3. Membanding-bandingkan keutamaan sahabat
Rasulullah saw. bersabda, “Sebaik-baik generasi adalah generasiku, kemudian (generasi) sesudahnya, kemudian (generasi) sesudahnya.” (H.R. Bukhari)

Membanding-bandingkan keutamaan sahabat terlebih lagi disertai dengan pendiskreditan adalah perbuatan yang membuang-buang waktu dan bahkan bisa menjerumuskan –mungkin tanpa disadari— pada penolakan beberapa ayat Al Quran. Allah swt. telah menegaskan pujian untuk mereka,

لقد رضي الله عن المؤمنين إذ يبايعونك تحت الشجرة

“Sungguh Allah telah rido kepada mukminin ketika mereka berbai’at kepadamu (Rasul) di bawah pohon itu.” (Q.S. Al Fath 48: 18)

Keutamaan setiap sahabat sebagaimana yang dicatat dalam kitab-kitab sirah adalah benar adanya. Namun hal itu bukan untuk mengurangi rasa hormat kita kepada sahabat tertentu karena kekurangannya –sebagai manusia— atau karena kekeliruan tertentu. Demikian pula dengan pilihan-pilihan mereka dalam bersikap –yang kemudia ternyata menimbulkan konflik, tidak lebih dari hasil ijtihad. Sehubungan dengan itu, Syaikhul Islam Ibn Taimiyyah mengatakan,
“Kita berpegang teguh pada sikap menahan diri dari (membincangkan) konflik antara mereka. Kita tahu bahwa sebagian riwayat tentang itu adalah dusta belaka. Mereka berijtihad. Imma ijtihad mereka benar dan mereka dapat dua pahala. Atau mereka mendapat pahala atas amal saleh mereka dan diampuni segala kesalahannya. Atau mereka diampuni dengan taubat mereka, atau dengan kebaikan-kebaikan yang menghapuskan keburukan, atau dengan musibah yang menutup dosa-dosa, atau yang lainnya. Mereka adalah generasi terbaik umat ini.”

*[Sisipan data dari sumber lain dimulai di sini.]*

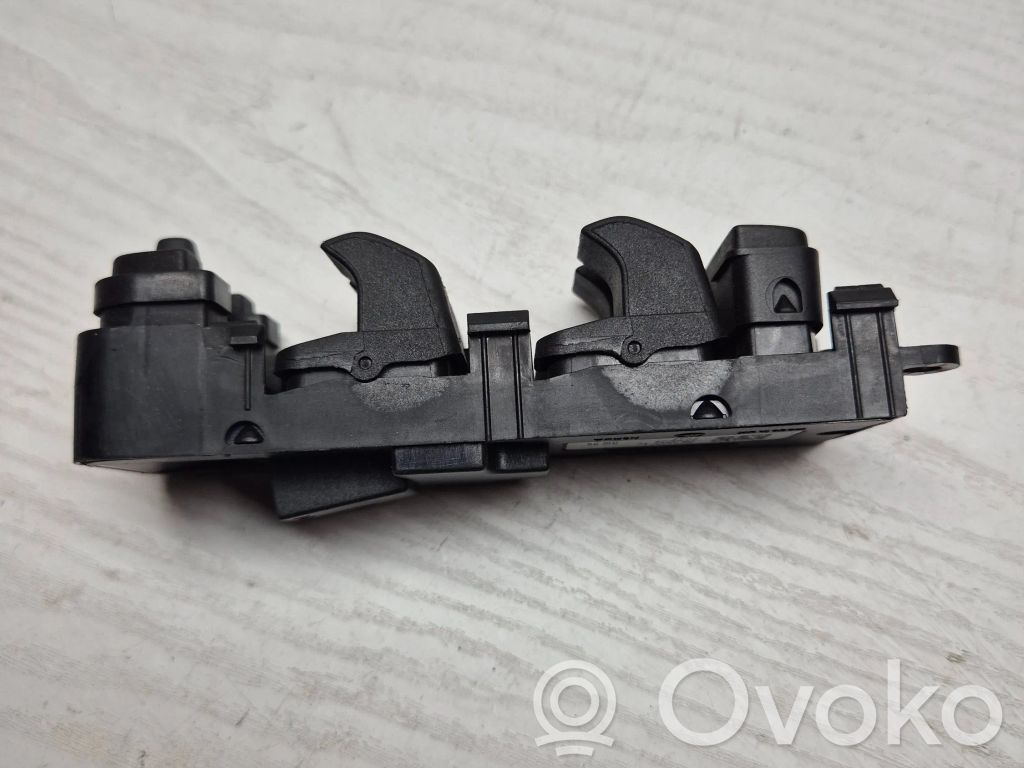 Electric window control switch   30773271,03454210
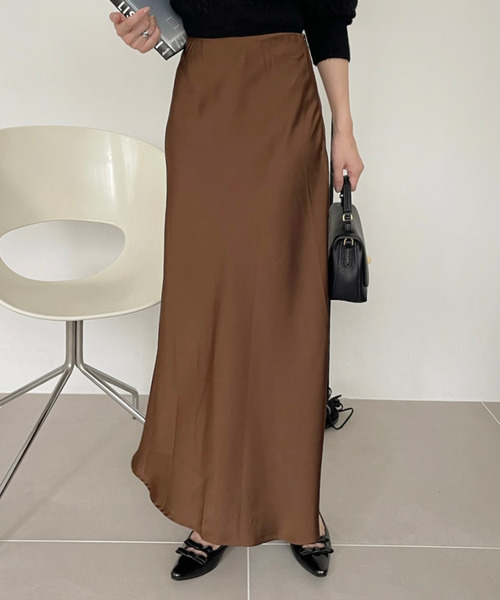 セール】サテン セミフレア ロングスカート（スカート）｜Ada.（エイダ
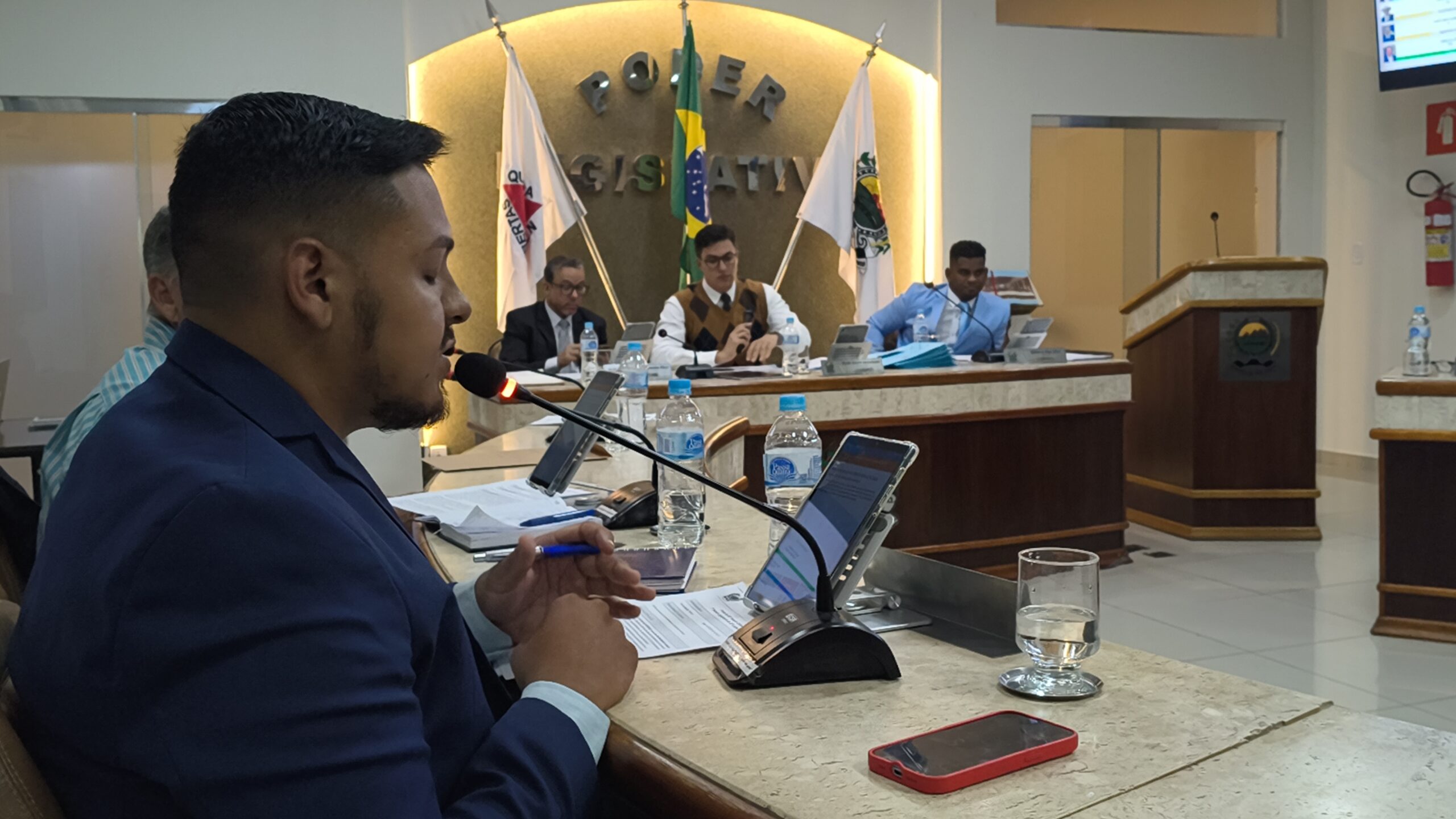 Câmara vota hoje projetos que destinam mais de R$ 3,9 milhões para saúde, educação e transporte escolar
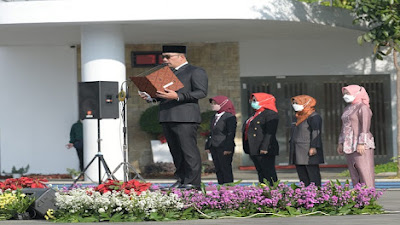Gubernur Ridwan Kamil Pimpin Hari Kesaktian Pancasila 2022 di Lapangan Gasibu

Sungguh sangat memprihatinkan jika umat ini lebih suka membebek kepada bangsa lain dalam hal-hal yang seharusnya melakukan pengembangan dan inovasi. Sebaliknya, untuk kawasan yang siap aplikasi –misalnya ibadah— malah menyuburkan perdebatan dan improvisasi. Wallahu a’lam.